_Exercise_.
Copy the lines exactly as they appear, starting with the first line of the records and ending with the line that contains "raf simons ozweego size chart".

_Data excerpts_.
####################

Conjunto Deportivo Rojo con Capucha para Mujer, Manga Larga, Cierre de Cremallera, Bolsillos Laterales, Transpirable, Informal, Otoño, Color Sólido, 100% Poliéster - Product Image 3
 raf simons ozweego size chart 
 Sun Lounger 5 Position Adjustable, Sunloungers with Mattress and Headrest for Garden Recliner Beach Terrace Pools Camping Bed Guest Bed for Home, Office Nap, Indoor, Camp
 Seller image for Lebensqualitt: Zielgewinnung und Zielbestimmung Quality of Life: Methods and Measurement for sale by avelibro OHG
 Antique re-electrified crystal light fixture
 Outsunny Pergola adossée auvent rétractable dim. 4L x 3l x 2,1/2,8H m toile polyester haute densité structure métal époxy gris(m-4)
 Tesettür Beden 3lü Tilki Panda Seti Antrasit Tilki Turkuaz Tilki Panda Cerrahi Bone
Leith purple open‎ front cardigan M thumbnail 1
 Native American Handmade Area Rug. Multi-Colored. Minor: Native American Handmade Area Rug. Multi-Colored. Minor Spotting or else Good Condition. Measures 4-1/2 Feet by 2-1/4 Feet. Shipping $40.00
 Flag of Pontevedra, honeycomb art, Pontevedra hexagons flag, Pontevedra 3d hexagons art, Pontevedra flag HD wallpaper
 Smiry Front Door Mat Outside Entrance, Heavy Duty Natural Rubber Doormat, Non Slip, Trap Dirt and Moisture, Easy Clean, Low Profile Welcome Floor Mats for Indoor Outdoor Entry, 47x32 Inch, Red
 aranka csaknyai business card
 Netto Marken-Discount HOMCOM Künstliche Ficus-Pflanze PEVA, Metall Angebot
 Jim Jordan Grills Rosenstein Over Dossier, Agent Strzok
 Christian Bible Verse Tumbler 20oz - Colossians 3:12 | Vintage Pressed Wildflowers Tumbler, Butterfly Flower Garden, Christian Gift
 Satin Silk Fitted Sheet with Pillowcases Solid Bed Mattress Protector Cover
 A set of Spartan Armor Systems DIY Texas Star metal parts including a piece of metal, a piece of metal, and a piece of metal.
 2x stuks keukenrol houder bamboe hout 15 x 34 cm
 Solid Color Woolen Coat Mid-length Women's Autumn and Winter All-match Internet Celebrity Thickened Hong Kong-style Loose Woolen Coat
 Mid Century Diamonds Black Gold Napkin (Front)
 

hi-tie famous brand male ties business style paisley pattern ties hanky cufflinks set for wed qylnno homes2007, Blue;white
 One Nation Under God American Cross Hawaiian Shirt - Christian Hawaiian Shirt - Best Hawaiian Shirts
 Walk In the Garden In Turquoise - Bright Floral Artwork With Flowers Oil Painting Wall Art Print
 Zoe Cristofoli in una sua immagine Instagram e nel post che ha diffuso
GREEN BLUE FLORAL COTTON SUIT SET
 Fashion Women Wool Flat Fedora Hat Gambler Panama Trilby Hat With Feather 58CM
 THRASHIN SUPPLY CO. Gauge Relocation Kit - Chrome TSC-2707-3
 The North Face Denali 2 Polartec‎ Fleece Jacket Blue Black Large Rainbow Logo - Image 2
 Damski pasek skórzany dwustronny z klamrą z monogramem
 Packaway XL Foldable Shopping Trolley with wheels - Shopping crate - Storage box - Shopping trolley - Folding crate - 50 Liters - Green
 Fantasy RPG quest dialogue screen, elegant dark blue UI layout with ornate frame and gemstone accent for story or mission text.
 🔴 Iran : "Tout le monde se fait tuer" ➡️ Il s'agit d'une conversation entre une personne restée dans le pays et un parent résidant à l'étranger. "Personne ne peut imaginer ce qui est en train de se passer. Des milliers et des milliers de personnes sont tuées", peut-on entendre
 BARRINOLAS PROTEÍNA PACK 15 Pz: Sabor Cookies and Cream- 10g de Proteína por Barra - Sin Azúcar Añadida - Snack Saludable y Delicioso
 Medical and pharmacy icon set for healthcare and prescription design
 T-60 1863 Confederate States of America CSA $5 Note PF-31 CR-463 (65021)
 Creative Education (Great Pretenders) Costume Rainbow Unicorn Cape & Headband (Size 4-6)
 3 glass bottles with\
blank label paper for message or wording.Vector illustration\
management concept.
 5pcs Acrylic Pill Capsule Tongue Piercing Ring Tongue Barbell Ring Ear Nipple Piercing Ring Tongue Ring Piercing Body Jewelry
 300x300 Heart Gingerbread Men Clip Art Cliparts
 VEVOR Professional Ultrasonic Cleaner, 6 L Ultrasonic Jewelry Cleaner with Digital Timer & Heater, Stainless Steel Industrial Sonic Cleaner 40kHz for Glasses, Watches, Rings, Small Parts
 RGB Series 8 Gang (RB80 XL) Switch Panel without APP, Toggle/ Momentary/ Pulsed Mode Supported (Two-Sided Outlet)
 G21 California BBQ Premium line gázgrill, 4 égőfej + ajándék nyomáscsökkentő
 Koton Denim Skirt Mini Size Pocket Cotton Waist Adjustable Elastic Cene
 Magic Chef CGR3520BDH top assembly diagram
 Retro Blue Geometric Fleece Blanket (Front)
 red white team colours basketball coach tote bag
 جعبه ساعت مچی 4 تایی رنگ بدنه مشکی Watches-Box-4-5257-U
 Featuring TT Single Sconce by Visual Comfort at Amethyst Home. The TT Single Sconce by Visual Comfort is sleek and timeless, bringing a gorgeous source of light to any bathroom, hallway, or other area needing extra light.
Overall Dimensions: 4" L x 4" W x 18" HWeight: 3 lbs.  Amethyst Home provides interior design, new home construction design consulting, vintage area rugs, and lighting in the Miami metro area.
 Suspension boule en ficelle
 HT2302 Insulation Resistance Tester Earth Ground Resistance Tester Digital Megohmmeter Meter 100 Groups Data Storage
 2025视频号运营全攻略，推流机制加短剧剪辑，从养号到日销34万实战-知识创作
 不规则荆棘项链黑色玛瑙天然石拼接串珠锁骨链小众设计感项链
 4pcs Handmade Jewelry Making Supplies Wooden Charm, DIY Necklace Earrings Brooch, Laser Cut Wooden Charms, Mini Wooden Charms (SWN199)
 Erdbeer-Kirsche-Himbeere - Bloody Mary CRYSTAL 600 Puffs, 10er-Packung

####################

_Written answer_.
Conjunto Deportivo Rojo con Capucha para Mujer, Manga Larga, Cierre de Cremallera, Bolsillos Laterales, Transpirable, Informal, Otoño, Color Sólido, 100% Poliéster - Product Image 3
 raf simons ozweego size chart 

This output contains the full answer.